Open Letter to Massachusetts Democratic Party Delegates

Click here to download this letter as a Word document.
Click here to view the current Democratic State Platform on the Mass Dems web-site.
Click here to download the current Democratic State Platform as a Word file.
Click here to download the newly proposed draft Platform as a Word file.

Email info@masscare.org with your name, city or town, and organizational affiliation to sign this letter.

Dear Massachusetts Democratic Party Delegates,

This year the Party’s Platform Committee has proposed a dramatic rewrite of the state Platform, eliminating almost all references to particular policies, replacing them instead with references to broad goals and values. We write to you as fellow delegates, as city and town committee activists, as members of advocacy organizations, and as concerned Democrats who are working to make these values a reality on the ground, to urge that you oppose watering down the platform at the upcoming State Convention.

The current Platform references support for existing and proposed policies that are deeply embedded in social movements. The proposed new Platform obliterates acknowledgement of the Party’s roots in these grassroots efforts, and instead enumerates a bland list of values and goals that would significantly erode its ability to connect with broader community movements, and even to distinguish the Democratic Platform from other parties -who share most of these broad end-goals, but interpret them differently.

For its stance on education, the newly proposed Platform eliminates reference to caps on charter schools, opposition to high-stakes testing, METCO funding and commitment to desegregation, and opposing the casualization of teaching through the growth of part-time and adjunct staff. Instead, it offers a bland paragraph supporting “high-quality educational opportunities” for everyone, and a list of broad goals to be supported such as closing achievement gaps and college affordability.

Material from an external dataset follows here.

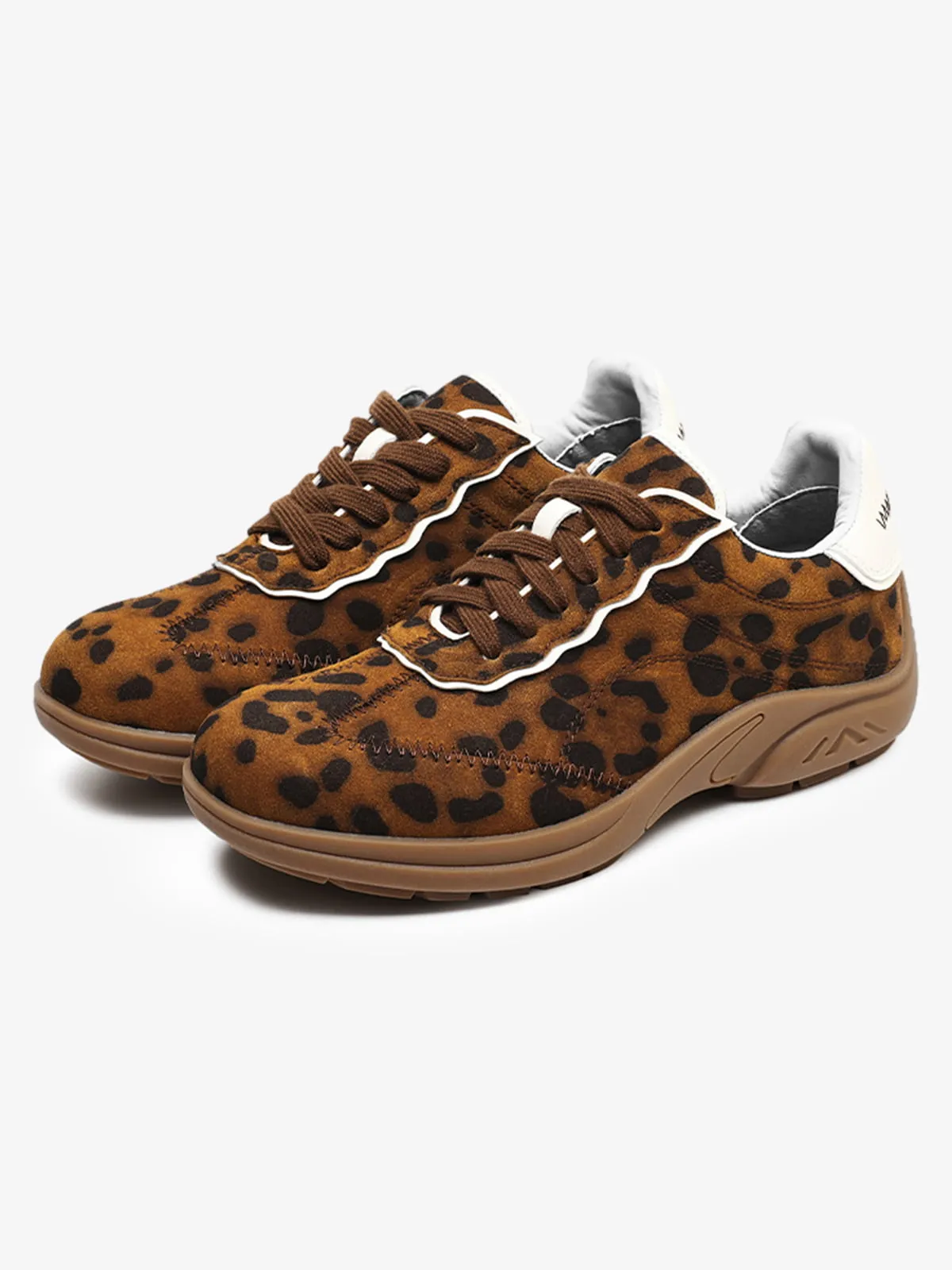 Retro Leopard Print Suede Racing Sneakers sold by Thesupermade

The new platform drops an entire section on housing that included support for portable, public housing subsidies, fair housing laws, and legislation that prevents red-lining. Virtually all that is left is a line that the Party will support “[a]ffordable housing and rental assistance.” For health care, the new draft removes single payer reform, a constitutional guarantee of access to health care, and safe provider staffing in favor of extremely broad goals such as high quality health care and “full implementation of health care reform.”

The word “immigrant” has been expunged from the newly proposed document, and along with it support for immigrants’ right to organize into unions, equal rights for undocumented workers, prevailing wage policies, indexing the minimum wage to inflation, and no public funds for union busting.  The new platform also drops any reference to national war spending, opposition to the Patriot Act, affirmative action, American Indian tribal sovereignty, stem-cell research and the embodiment of marriage equality in the constitution.

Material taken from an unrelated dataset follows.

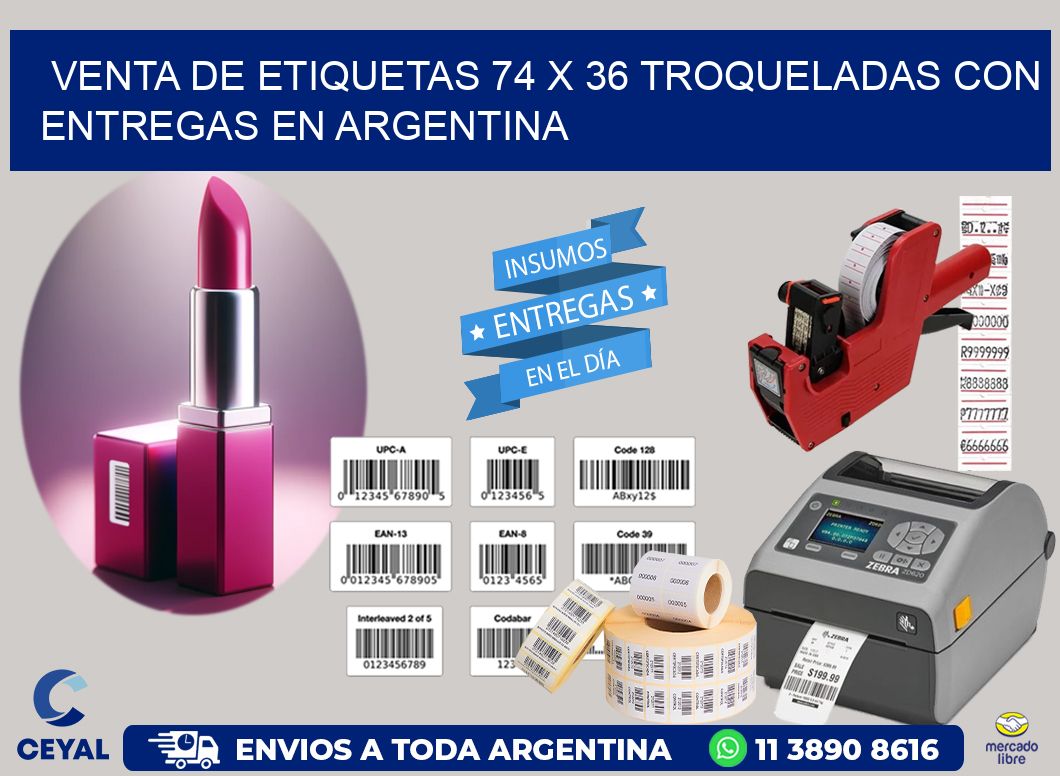 Venta de etiquetas 74 x 36 troqueladas con entregas en Argentina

The Democratic Platform needs to stand for both principles and the programs that bring those principles to fruition.  If the Platform doesn’t support programs that delegates believe in, our legislators will not be held accountable to a Party base. Moreover, it is in the realm of real policy that the Party is able to connect with the broader social movements that have brought us our most human social and economic reforms and that will continue to move our history along the arc of humanity.